Rakover (1990) raises many important issues but he is unduly pessimistic about the possibilities for scientific knowledge concerning many aspects of the phenomenon of private experience in human and nonhuman animals. His position may reflect the generally conservative stance philosophical analysis attempts to impose on "frontier" natural science.
1. METAPSYCHOLOGY (Rakover, 1990, 1993) introduces many aspects of philosophy of science and epistemology to psychologists and relates such issues to venerable areas of psychological research. Since the book was published, there has been a veritable explosion of philosophical, psychological, physiological, neural modeling, and even physical scientific musing and research on the mind-body problem, though most of it limited to consciousness (see Horgan, 1994). The problems addressed are serious and there is certainly no consensus today. Rakover provides a framework combining the philosophy of science, philosophical and methodological issues in psychology, and his own attempt to bring together "missing links in behavior, mind and science." My comments will be limited to some thoughts on two complex topics: the claim that the natural sciences cannot deal with the mind-body problem and the possibility of gaining understanding of private experience in humans and non-humans.

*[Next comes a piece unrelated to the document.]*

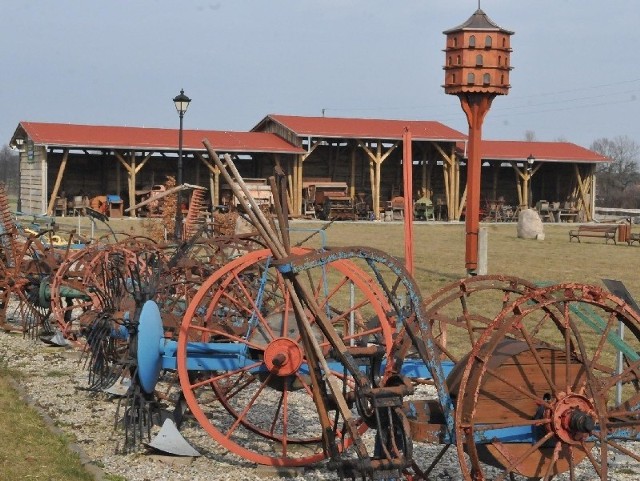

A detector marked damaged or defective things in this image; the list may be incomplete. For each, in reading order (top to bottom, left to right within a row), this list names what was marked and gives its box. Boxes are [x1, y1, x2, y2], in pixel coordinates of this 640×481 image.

2. Although Rakover may often seem to be concerned with consciousness, his broader emphasis on private events and private experience is salutary. Independently, and from an ethological perspective, I have recently advocated (Burghardt, 1993; in press) that "private experience" be a new "fifth aim" for ethology that adds to the field's concerns with control (causation), function (adaptiveness), evolution, and ontogeny as articulated by Tinbergen (1963) in his much cited paper. I agree with Rakover that cognition does not adequately incorporate these important issues (Burghardt, 1991); in fact, most cognitive psychology has been loath to deal with the issue of "life as experienced". As Tinbergen pointed out when formalizing the four aims, to adequately understand a behavior we need to ask questions about all the aims. Thus, to adequately understand the physiology of a behavior one also needs to consider evolution and ontogeny, for example. Similarly, I argue that to adequately understand courtship, foraging, or problem solving, one also needs to consider an organism's internal stimuli and phenomenological or subjective responses. While Rakover classifies private experience as a subset of private behaviors that are presumably conscious, my use of private experience is broader. The primary issue, however, is whether natural science can address these issues. I think natural science can, Rakover does not, and that is the core disagreement I have amongst the many points with which I agree.
3. The philosophy of science has, for too long, been equated with the philosophy of physical science. This was the unfortunate state of philosophy of science thirty or more years ago, which is why many persons interested in biology and behavior ignored it as rather naive about the complexities of dealing with living systems. METAPSYCHOLOGY is full of statements that equate natural science with physical science. This characterization is also found in the writings of many phenomenologists who railed against a "scientistic" model of psychology by blasting an archaic Newtonian physics. It is as if Darwin and evolution, arguably the most philosophically relevant scientist and field of study, respectively, had never existed. I am afraid that Rakover shows this tendency as well. For example, the four reasons given on pages 107-8 concerning why theory construction in the natural sciences cannot be used by psychology become far less telling if biology and evolution are seriously considered. For example, claim one is that the mind-body problem does not exist in physical science. Perhaps not. But mental phenomena have been important to the study of animal behavior (instinct, habit, intelligence) for centuries; Darwin's notebooks make clear that he considered evolution as essential to understanding the human mind.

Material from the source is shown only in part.